Obama pick for Justice post withdraws.

Obama's nominee to head the Justice Department's Office of Legal Counsel, Dawn Johnsen, has withdrawn her nomination after several Republicans objected to her criticisms of the Bush regime torture policy.

Dawn Johnsen's withdrawal - a setback for the Obama administration - was announced late Friday by the White House on a day the capital's legal and political elites were absorbed in the news that Justice John Paul Stevens would retire from the Supreme Court.

The Senate Judiciary Committee had recommended Johnsen's confirmation on party-line votes.

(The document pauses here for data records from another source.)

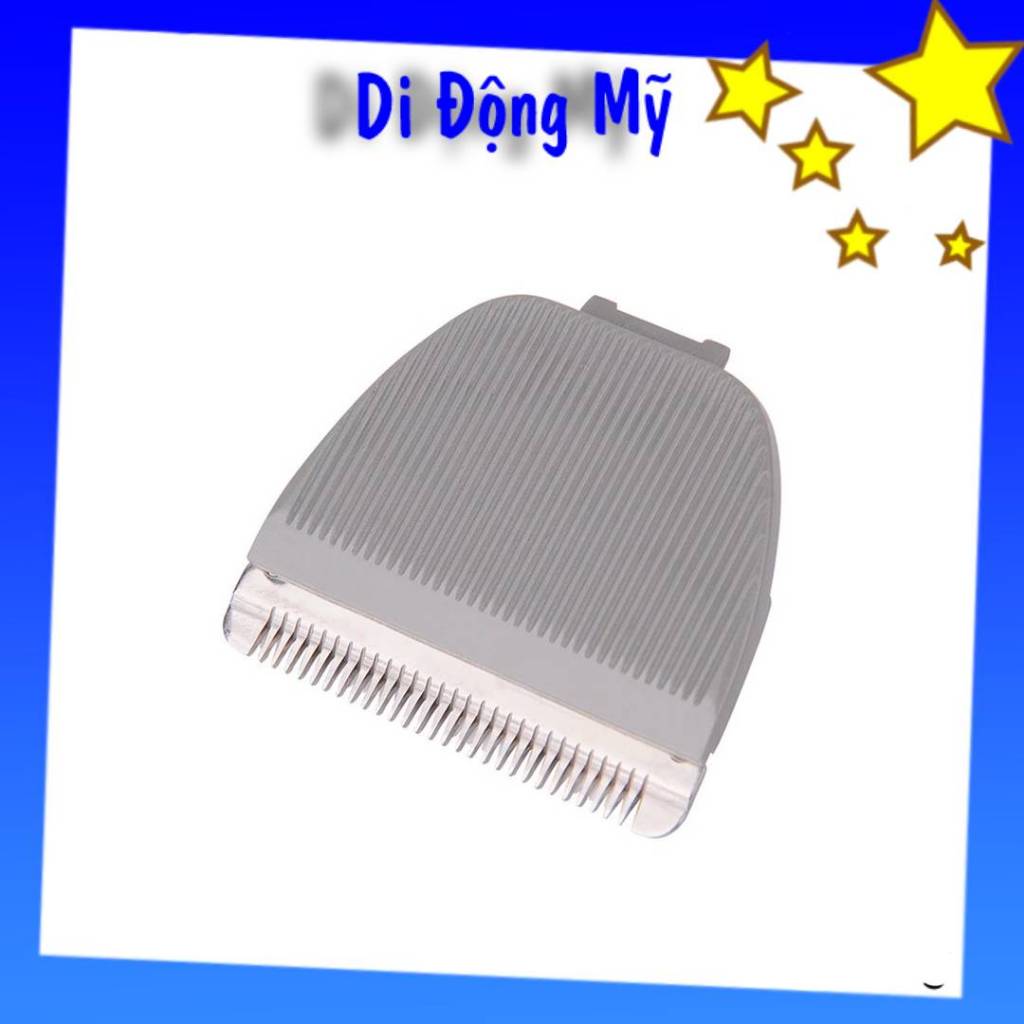 Đầu dao Codos 6800 - Lưỡi dao cạo thay thế dành cho tông đơ thú cưng Codos Cp-6800 Kp-3000 Cp-5500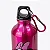 Garrafa de Aluminio 500ml c/ Mosquetão MINNIE MOUSE - Imagem 3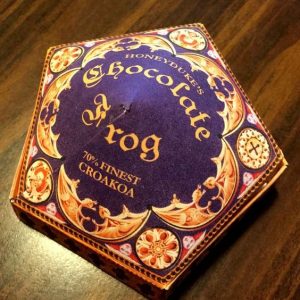 21+ Coolest Free Harry Potter Printables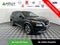 2023 Nissan Rogue SV Premium Package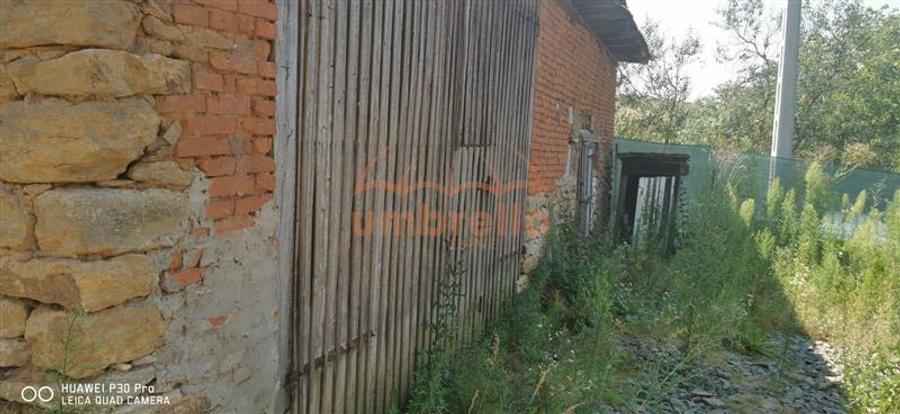 Casă cu 4 camere cu Canalizare în Sumurducu
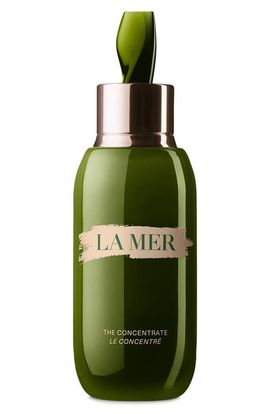 La Mer La Mer The Concentrate Serum for Barrier Repair and Hydration 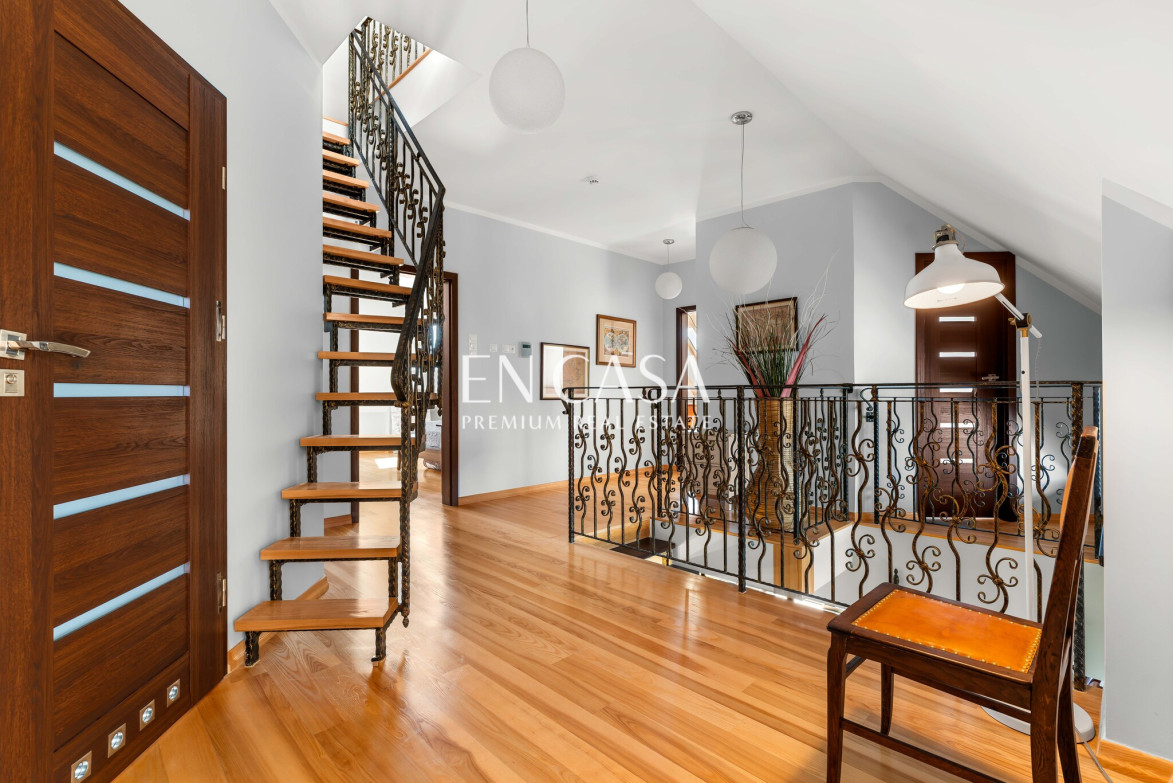 House Sale Olecko Norwida 42 10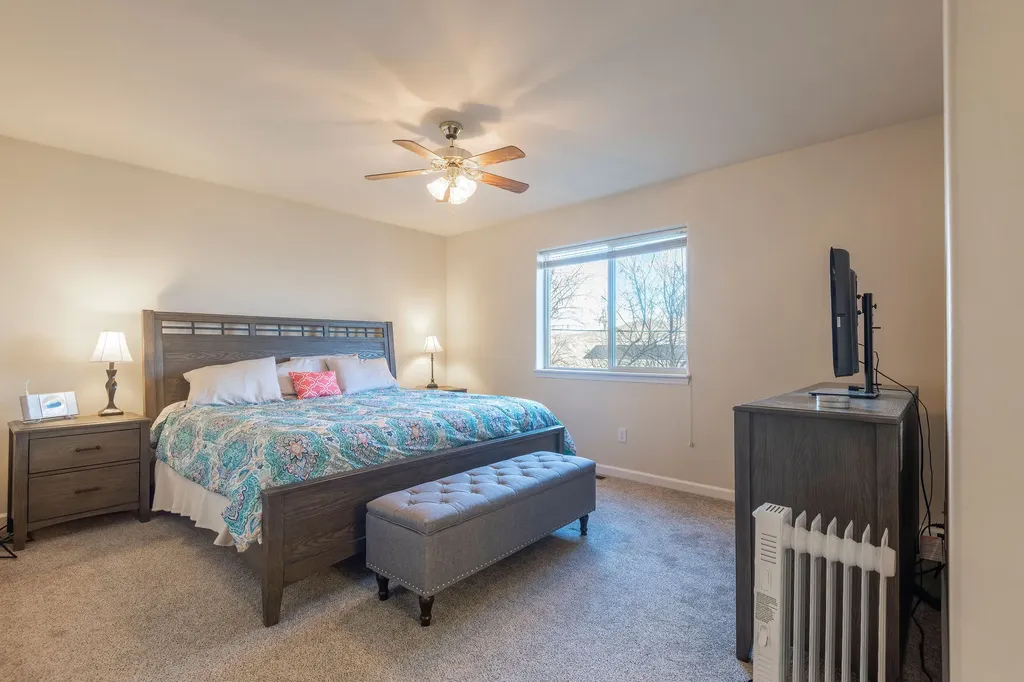 340 Barney Street Helena MT 59602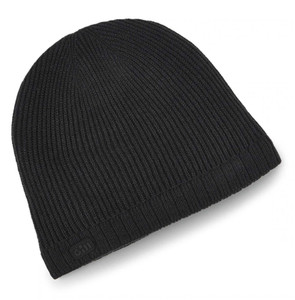 Gill Waterproof Beanie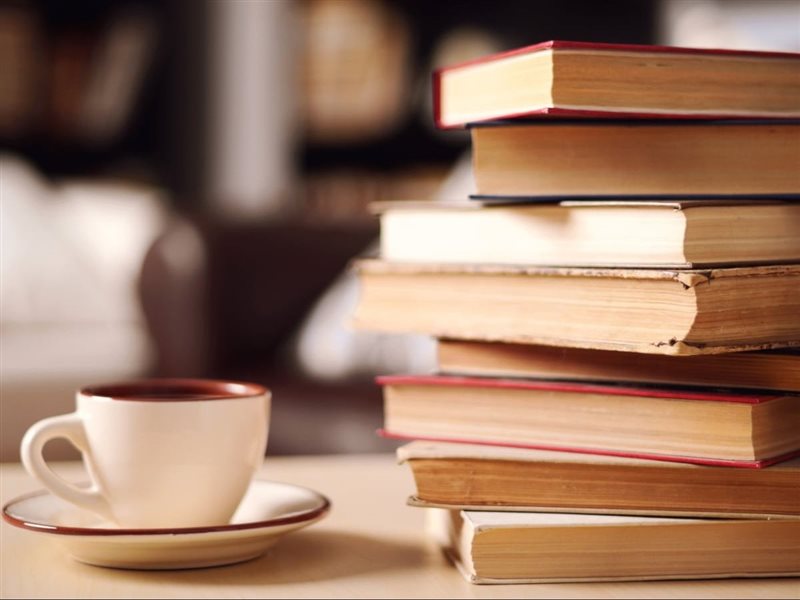 ملخص كتاب Deep Work استراتيجيات لتحقيق النجاح في عالم مليء بالمشتتات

But several Republicans objected to her sharp criticisms of terrorist interrogation policies under President George W. Bush, and the full Senate never voted on her nomination.
The decision about who should lead the little-known office became a political flashpoint because of the controversies surrounding Bush-era interrogations of terror suspects.
The Office of Legal Counsel is supposed to give "impartial legal advice and constitutional analysis to the executive branch." In other words, to tell the president what is legal and what is not, rather than what he wants to hear.

The Republicans have objected because Johnsen has pointed out that the advice given by Yoo, Bybee and others was factually wrong.

I'd go further, in fact, and say that the advice they gave was criminal and that they should have been disbarred. The Obama administration would only concede that their advice was the result of poor judgement, not professional misconduct. That finding was generous in the extreme.

But the world is now totally upside down when the person who said they were wrong is considered too controversial to occupy that position. Would it be such a bad thing to have the Office of Legal Counsel led by someone who had read the law properly at a time when Yoo, Bybee and others were getting it so dreadfully wrong?